Japan Reportedly Joins EU, Antigua in Seeking US Compensation

21 June 2007

After news broke Wednesday that Antigua and Barbuda (Antigua) would join the European Union in seeking U.S. compensation via the World Trade Organization (WTO), U.S. trade officials reportedly said today that Japan will also join the complaint.

The Financial Times carries the report, though the paper does not make any further specifications as to what Japan will seek from the United States.

In October, Japan--along with China and the European Union--went to bat for Antigua in its WTO dispute with the United States over U.S. cross-border I-gaming restrictions. That is, each nation became a third party to the dispute.

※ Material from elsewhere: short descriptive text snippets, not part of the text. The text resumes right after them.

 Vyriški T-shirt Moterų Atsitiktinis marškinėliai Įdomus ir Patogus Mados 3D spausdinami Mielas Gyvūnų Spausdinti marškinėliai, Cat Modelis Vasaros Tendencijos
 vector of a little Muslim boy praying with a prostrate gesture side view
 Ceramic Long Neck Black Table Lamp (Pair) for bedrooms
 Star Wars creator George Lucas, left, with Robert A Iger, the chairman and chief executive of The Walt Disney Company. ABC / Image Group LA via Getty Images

Having reserved their third-party rights, representatives from each country were allowed to make a written submission to a WTO compliance panel. The written submission is a vehicle whereby each country or organization weighs in on the case. Japanese, Chinese and European representatives were also given separate meetings, in person, with the compliance panel.

In the present case, the European Union will seek "unspecified market access" for its services companies as compensation, a spokesman for EU Trade Commissioner Peter Mendelson told the FT.

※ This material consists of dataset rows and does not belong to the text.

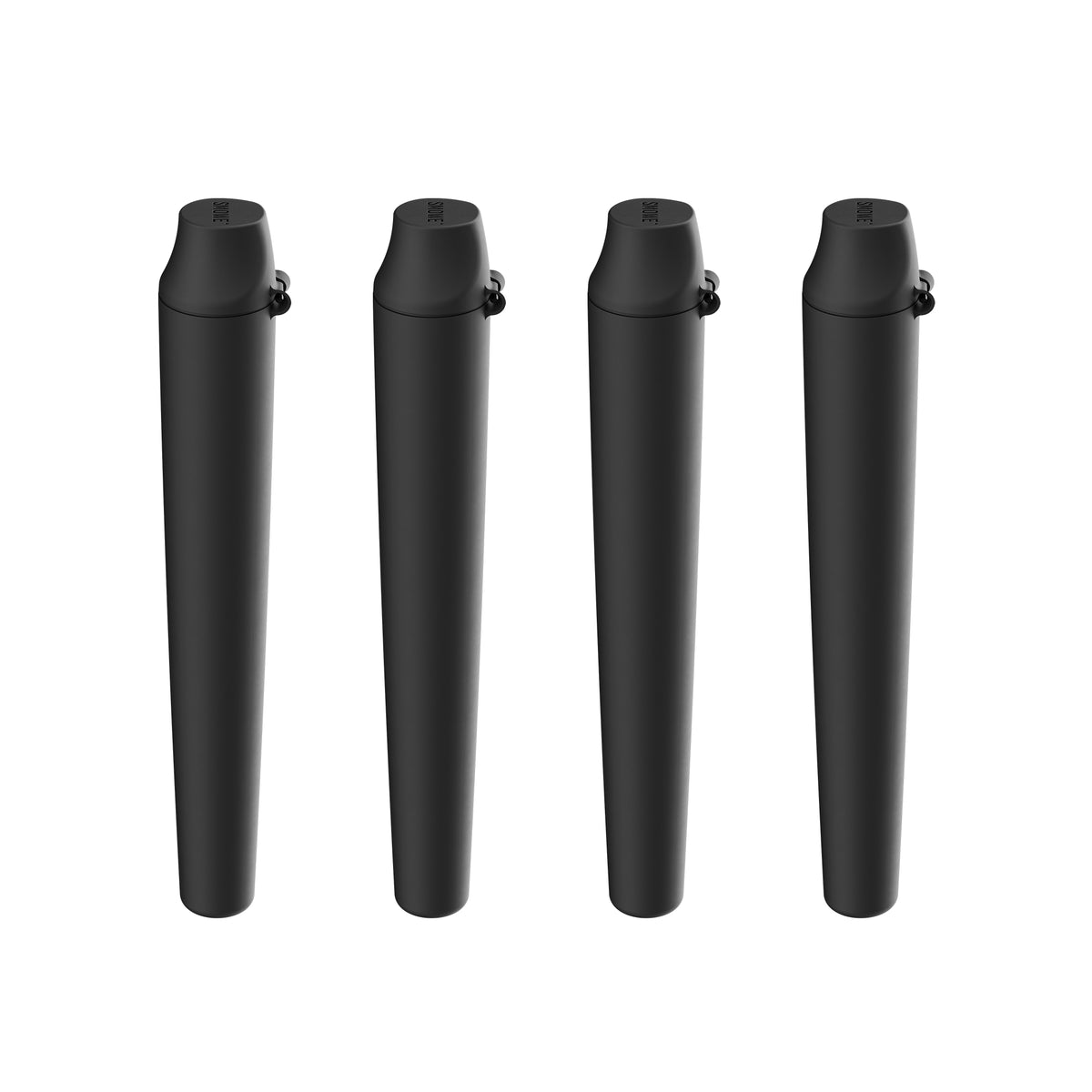 Vier geschlossene, matte schwarze SMOWE GREENCONE Joint Tubes im 4er-Set auf weißem Hintergrund.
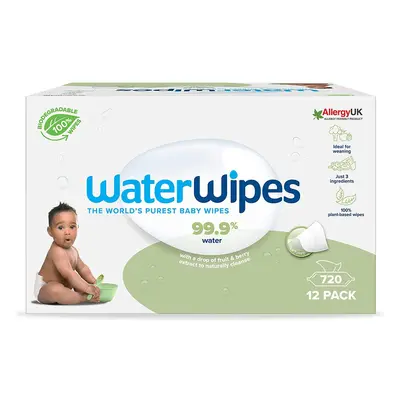 WaterWipes Baby Wipes Sensitive Weaning Biodegradable Unscented, 99.9% Water, Wet Wipes (12 Pack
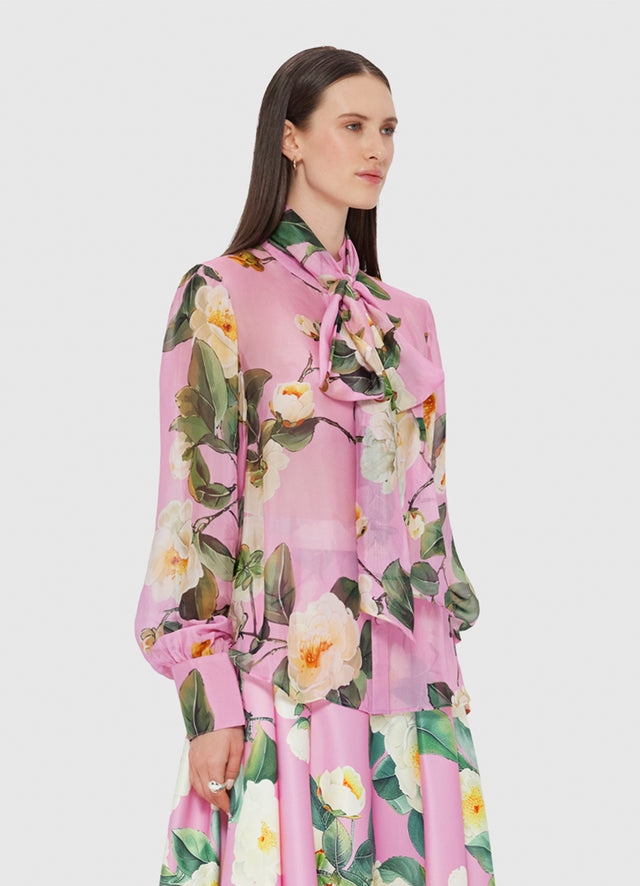 Exclusive LEO LIN Dalia Chiffon Blouse in Camellia Print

Antigua will seek compensation through the suspension of its obligations regarding U.S. copyrights, trademarks, industrial designs and patents, worth an estimated $3.44 billion, annually.

An unnamed U.S. trade official told the FT that it would fight the claims by trading partners.

"We look forward to learning the basis upon which WTO members--who neither requested nor made WTO commitments on gambling and betting in the Uruguay Round and had no basis to believe that the United States had made such a commitment--intend to support their claims of interest."

However, the trade official was more conciliatory toward Antigua, saying that the U.S. Trade Representative's Office would continue to work with the Caribbean nation to find a "mutually satisfactory resolution" to the dispute.